→ **Directions**:
Begin at the line with "Crowbar Vector Outline" and set down each line exactly until the listing ends. Images stay out.
** Opening Source data block **
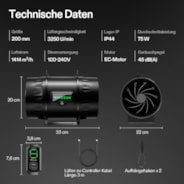 AeroZesh T8 Inline Fan 8″ with E12 Speed Controller, PWM-Controlled EC Fan for Grow Tent Ventilation
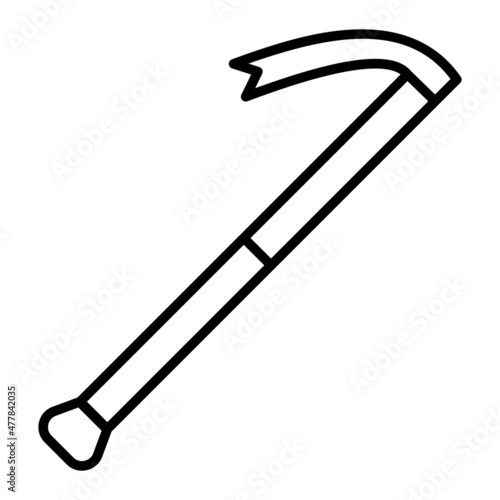 Crowbar Vector Outline Icon Isolated On White Background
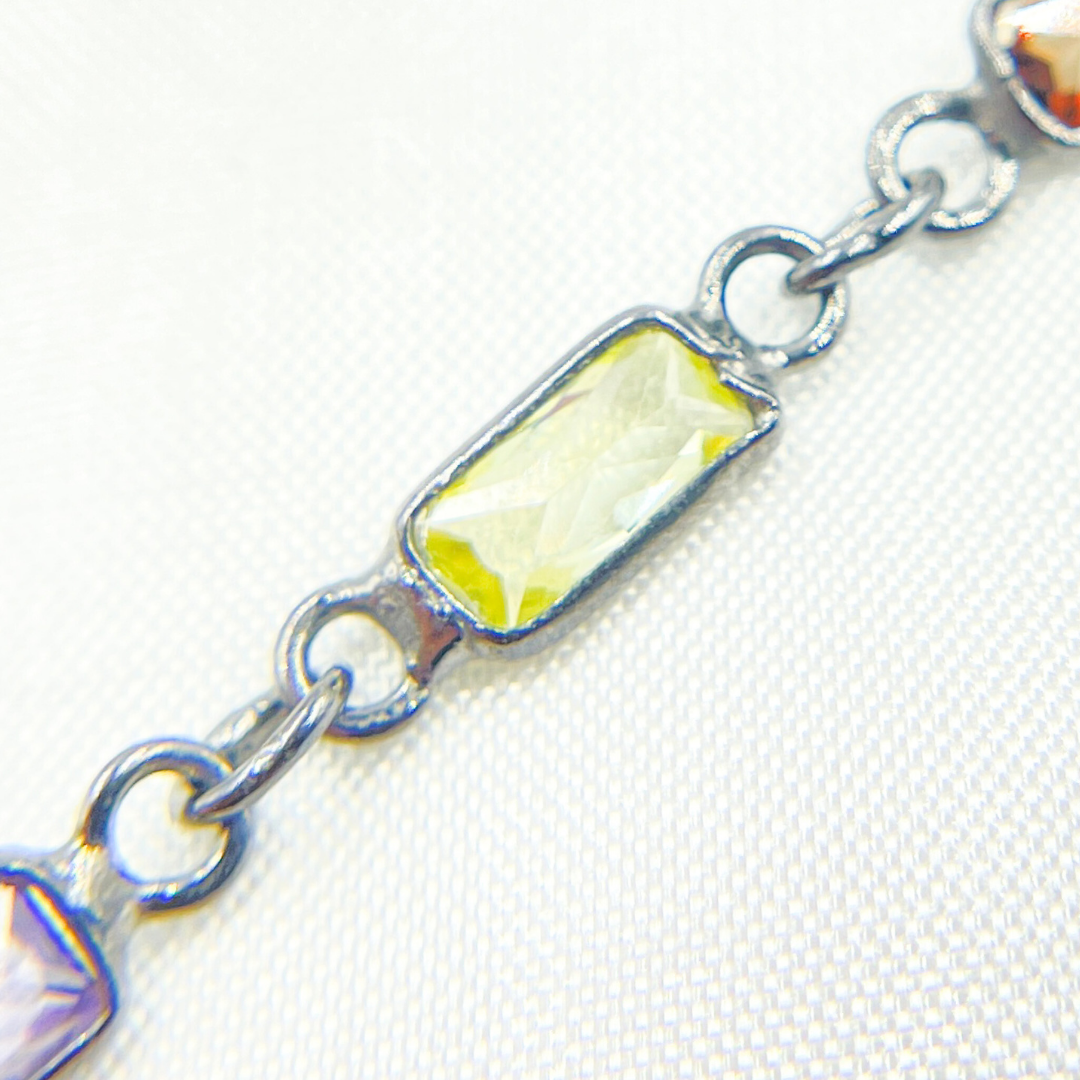 Multi Color Cubic Zirconia Rectangular Shape Connected Chain. CZ45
** Closing Source data block **
→ **Task solution**:
 Crowbar Vector Outline Icon Isolated On White Background
 Multi Color Cubic Zirconia Rectangular Shape Connected Chain. CZ45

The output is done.